(WHAT IS NEEDED):
In the lines below, output everything from the first line through the line containing "Witness a powerful" exactly as it is. Pictures are not part of the output.

(GIVEN DATA):
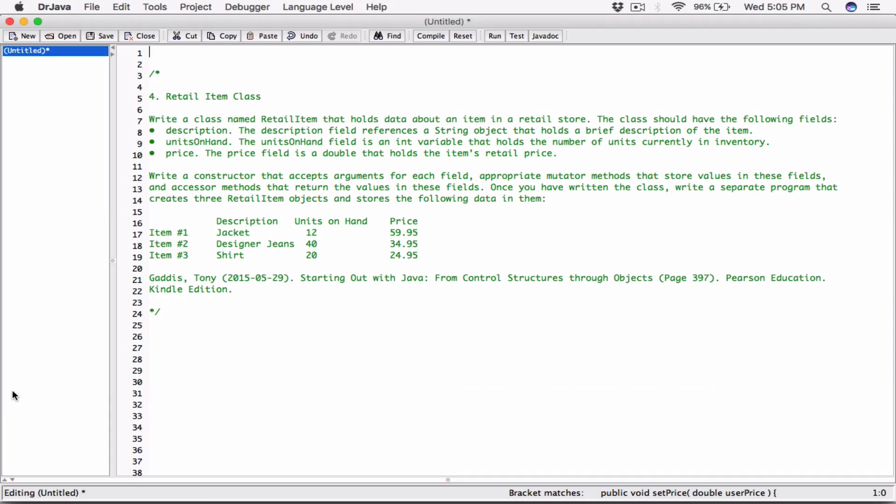So we're going to create a RetailItem class, create three retail item objects from it, set the values of these objects' fields, and then display them — even though the program didn't explicitly say to display them. I'm going to create the class in one file and the program in another file. As long as they're both in the same folder, they should be able to access each other when compiled.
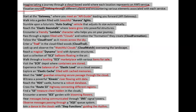Witness a powerful Kinesis river flowing with data. Reach the RDS castle, home to a robust database.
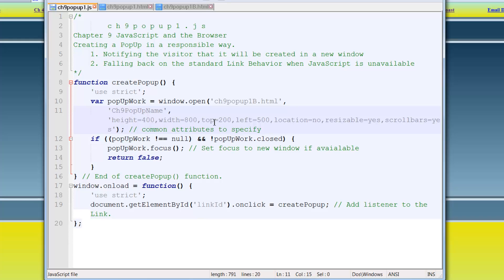And then here are the attributes that you can adjust, right? Because this is not an alert box or a confirm box. We can adjust these attributes. These are the main attributes that are generally, that's why I put the comment, common attributes to specify, right? You see height 400. And these I just made up for what I needed and where to position it from the top, from the left, right? And I just put it somewhere in the center. And then, yeah, location, no, resizable, all these type of values.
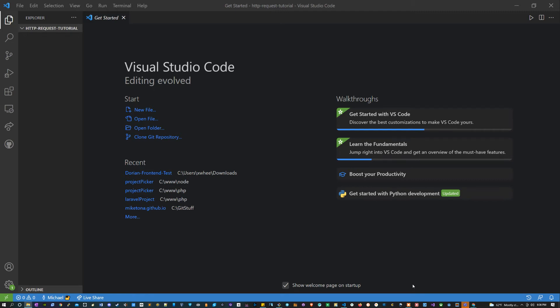Hi everyone, how's it going? Today we're going to be learning about GET and POST requests. Now we're going to be learning about what a GET and a POST request is, as well as how to use them in PHP.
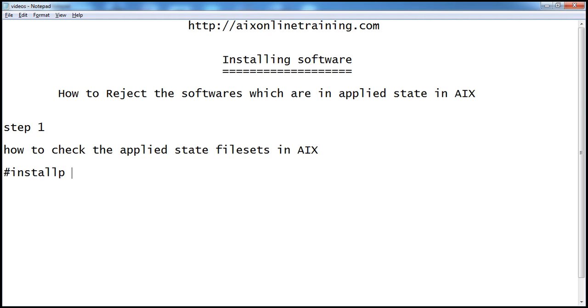The command is installp -s to show the applied state, or you can use the command lslpp -l and use the software name.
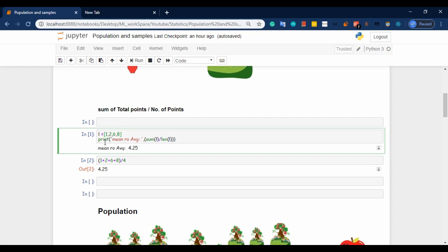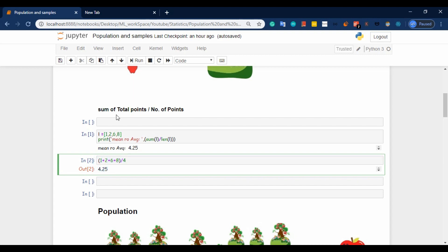So it gives us the sum of a list. For example: 1 plus 2 plus 3 is 6, plus 9 is 15 — wait, let me redo: 1 plus 2 plus 6 plus 8 equals 17. 17 divided by 4 gives 4.25. So mean equals sum of all points divided by number of points.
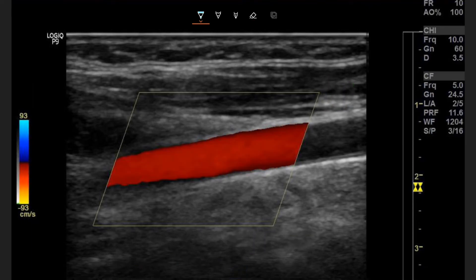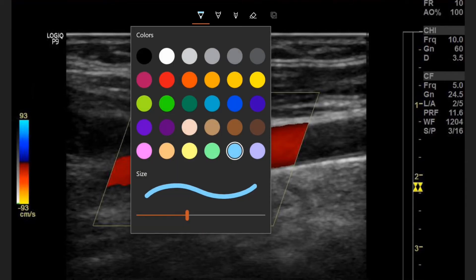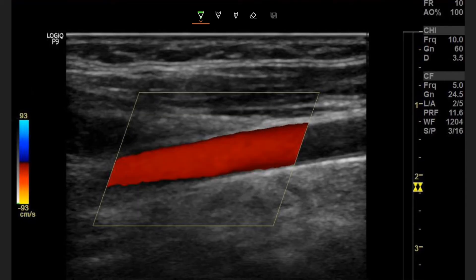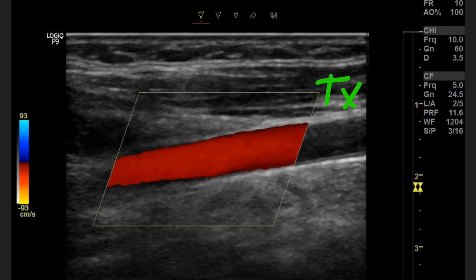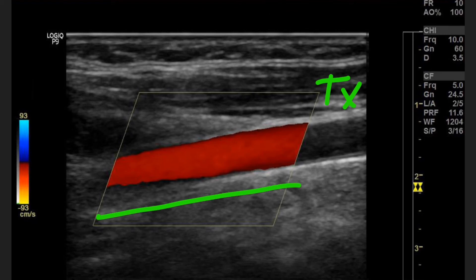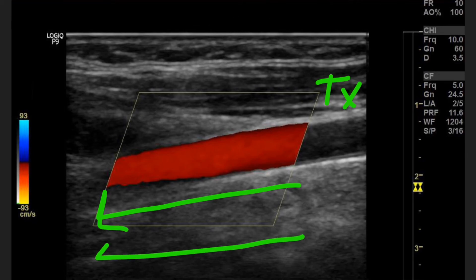Now our color map is flipped, so blue is on the top and red is on the bottom. Blue is going to be coming towards our transducer and red is going to be going away from our transducer. Our transducer location is still over here on the right. We're going away from the transducer now, so the directional flow in this vessel is going to be from right to left.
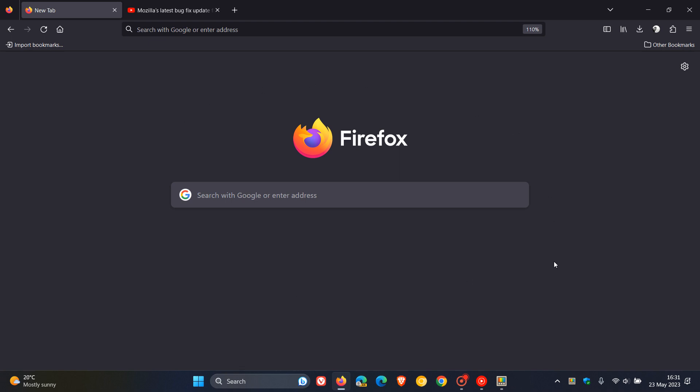Mozilla has just started rolling out an important bug fix update for Firefox. This was made available a short while ago today on the 23rd of May, 2023. This latest update includes four bug fixes for the browser.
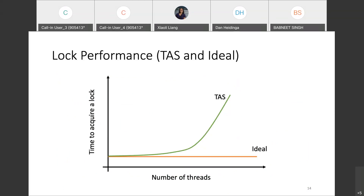Here we can see the TAS lock's performance graph. Performance is reflected by time to acquire the lock on the y-axis, and lock contention by the number of competing threads on the x-axis. The main point is that TAS lock performance collapses in high lock contention scenarios, which may arise simply from an application scaling. To achieve the ideal case, the time to acquire a lock remains constant as lock contention increases. Although impossible to achieve in practice, we can try to get closer to the ideal scenario with better locks.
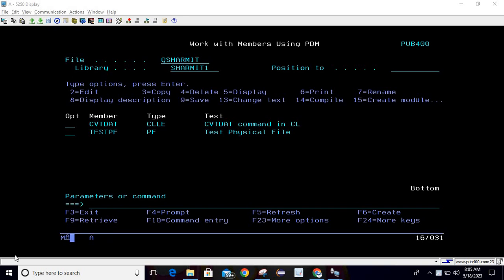Hello, welcome to Tech Sharmit. In this session we will cover one more scenario for the CVTDAT command. In order to explain the same, I am taking the program in edit mode.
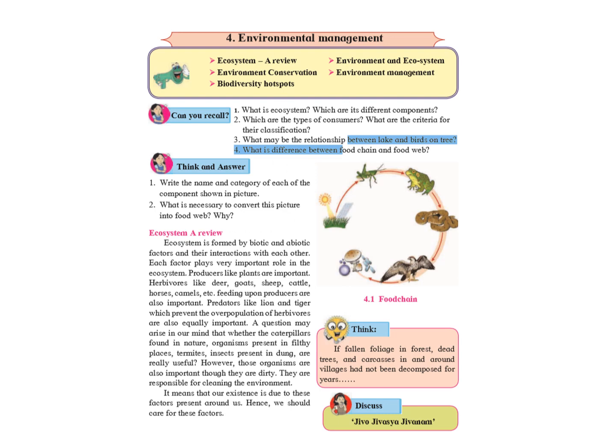Welcome back. Today we will be starting with Science 2 Chapter 4 Environmental Management. The first page is actually a revision of what we have already learnt last year.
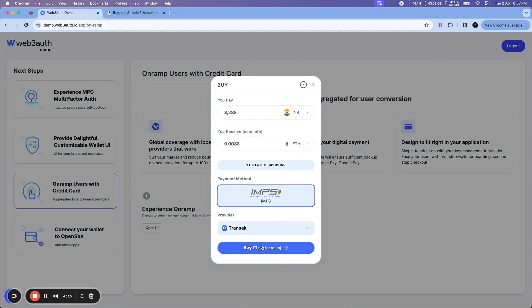You just click Buy and you'll be able to complete the transaction and get the token to your address.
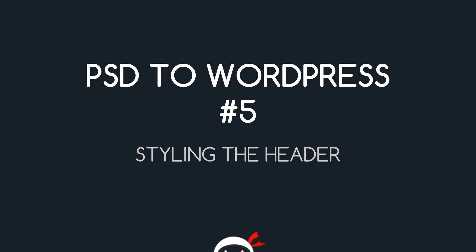Yo, what's going on guys? You're watching PSD to WordPress lesson 5 and in this video we're going to style up the header in the CSS.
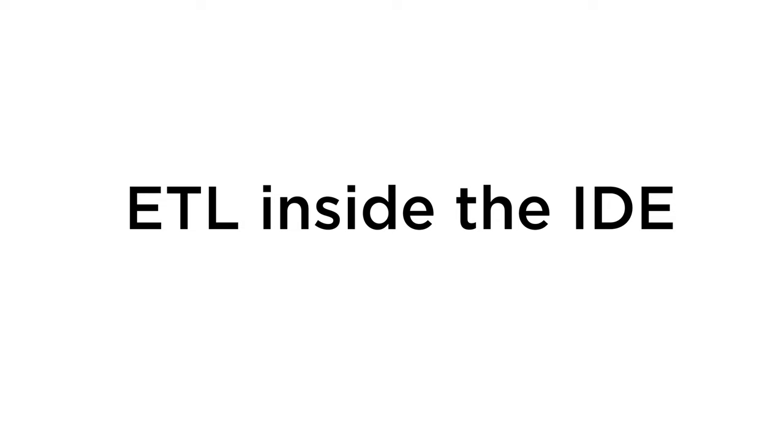So we finished the whole ETL process inside your favorite IDE without switching to a browser or console or anything else. That's it. Thank you for watching.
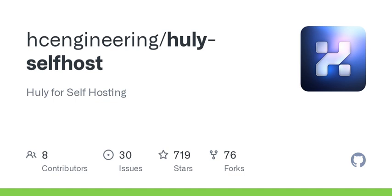Welcome to today's episode of Tech Talk Dive. I'm so excited to get into the nitty-gritty of self-hosting applications, specifically focusing on Huli. If you've ever thought about setting up your own services on a server, or if you're just curious about the tech behind it, you're in for a treat. So let's jump right in.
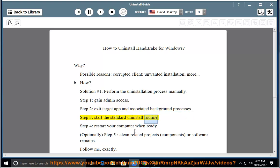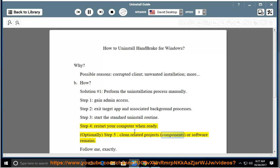Step 4: Restart your computer when ready. Optionally, Step 5: Clean related projects, components, or software remains.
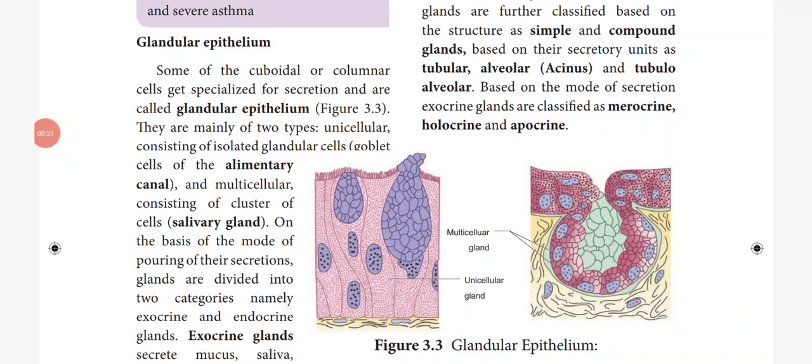Good morning students. Chapter 3: Tissue Level of Organization. In the last class we have seen the classification of animal tissues. Animal tissues are classified into epithelial, connective, muscular and neural tissues. The epithelial tissues are classified into simple and compound epithelium. Under simple epithelium: squamous, cuboidal, columnar, ciliated and pseudostratified epithelium.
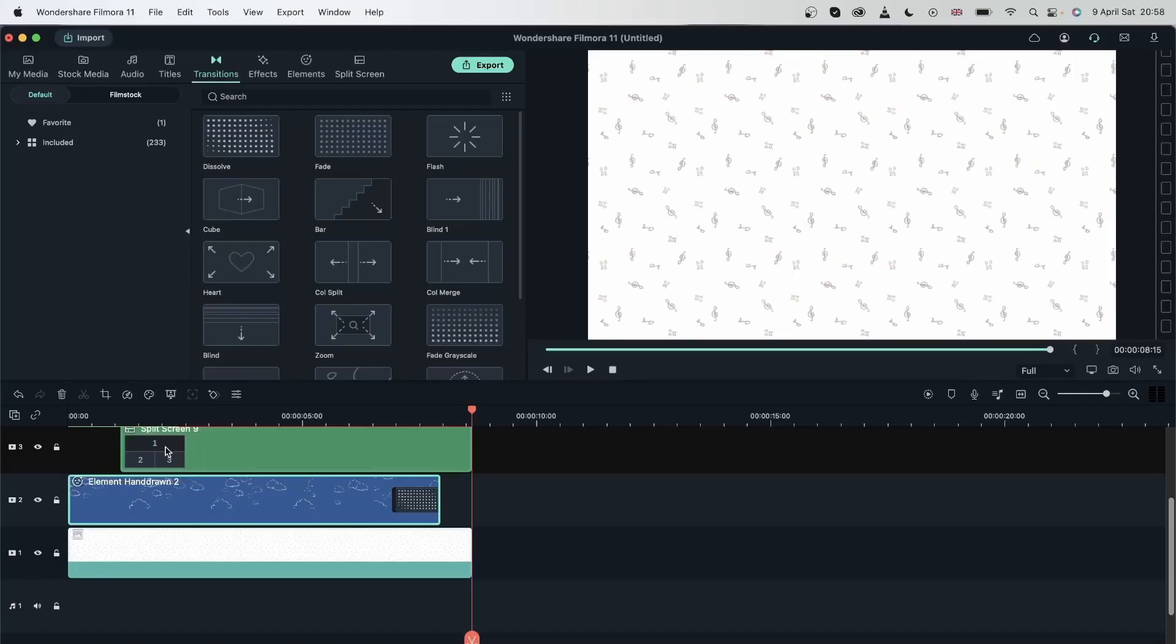And that was how you can use autoreframe to change the framing of your video with just a few simple clicks. Let's move on to the next lesson and learn more about Filmora's audio tools.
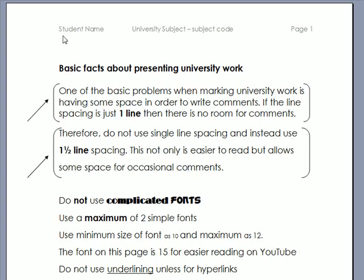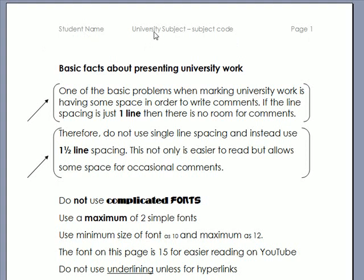Number one: put a header onto your piece of work on every page that has your student name, your university subject and subject code, and the page number. That means every time I open a page I always know which subject I'm working in and the student's name.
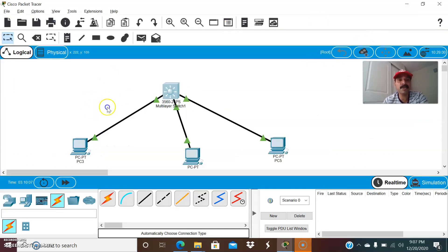This is the way you can configure, troubleshoot, and debug DHCP related issues. I hope you enjoyed this video. Thanks for watching — please subscribe for more videos. Thank you and have a wonderful day.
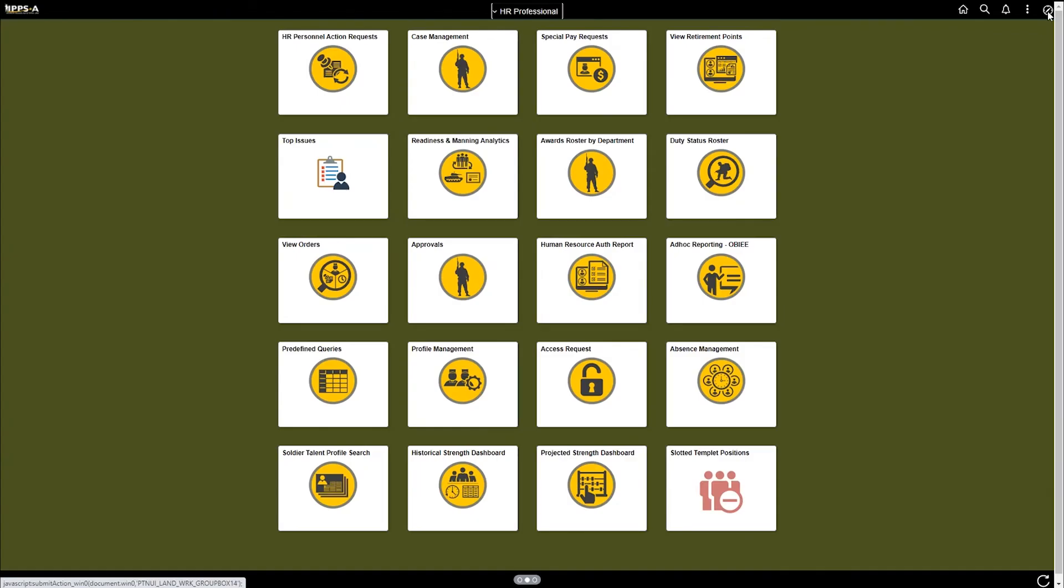After you click save it will automatically take you back to the HR professional home page where you can view your tile.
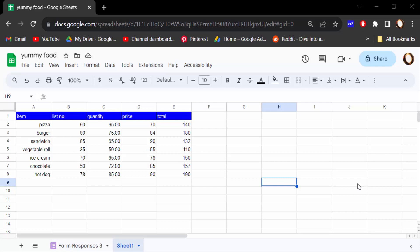Hello everyone, assalamualaikum. In this tutorial today I present you how to make pie chart or circle graph in Google Sheets with percentage. So let's get started. I open this Google Sheets document and you see I create a table.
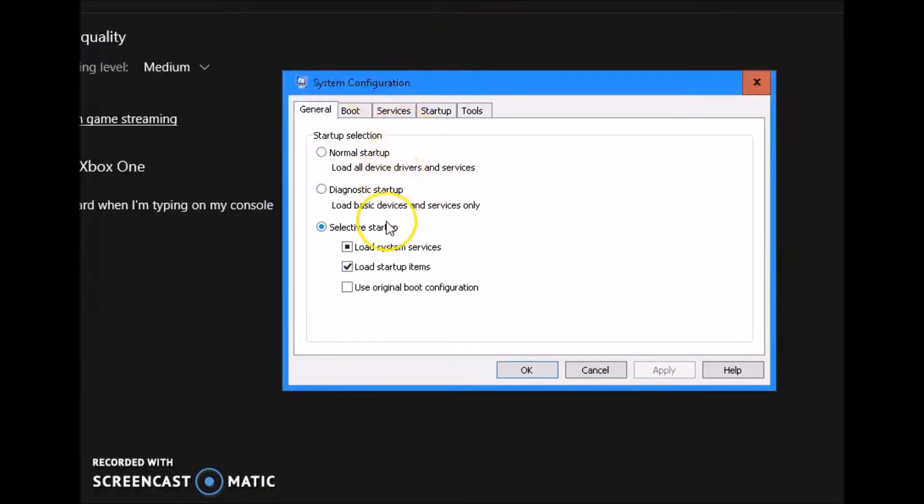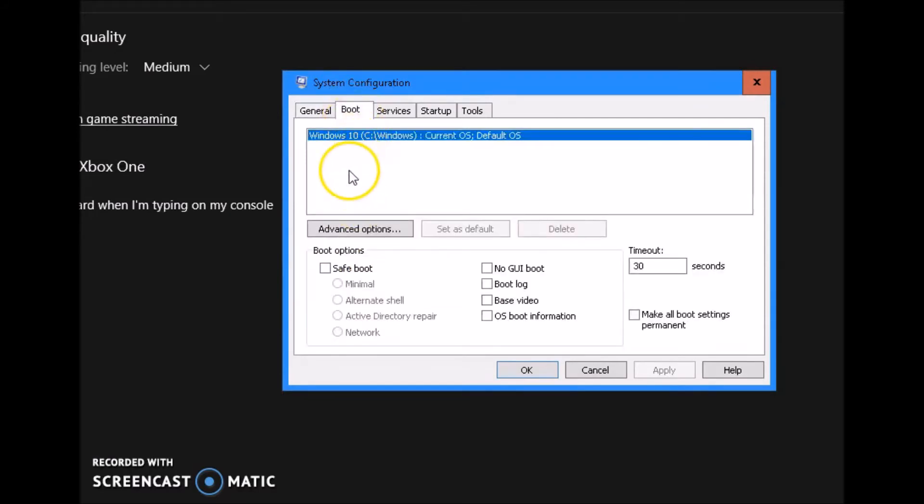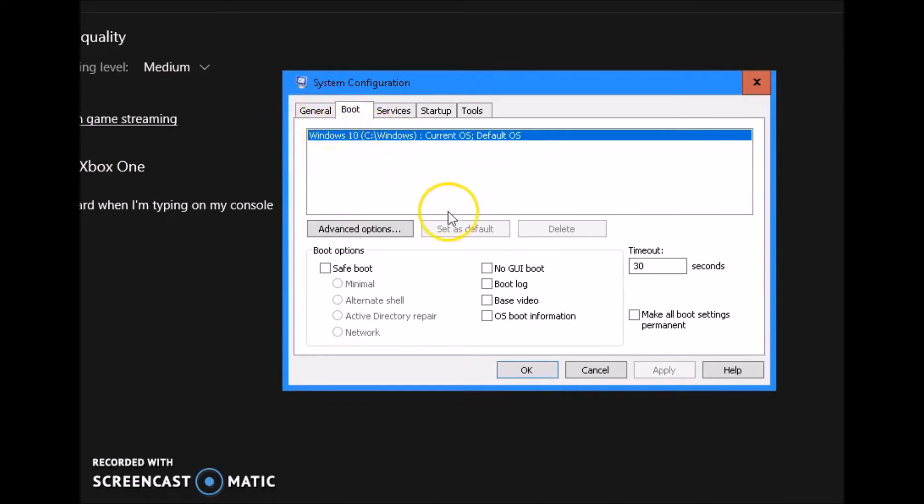You see this right here, just click on it and you'll get this window that pops up. In this window, make sure you have selected startup, load system services and load startup item. Make sure both these are unchecked. Go to your boot options. Click on your Windows 10 operating system, highlight it because you might have more than one operating system or more than one boot drive.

(EXERCISE RESULT):
So we're going to create a RetailItem class, create three retail item objects from it, set the values of these objects' fields, and then display them — even though the program didn't explicitly say to display them. I'm going to create the class in one file and the program in another file. As long as they're both in the same folder, they should be able to access each other when compiled.
Witness a powerful Kinesis river flowing with data. Reach the RDS castle, home to a robust database.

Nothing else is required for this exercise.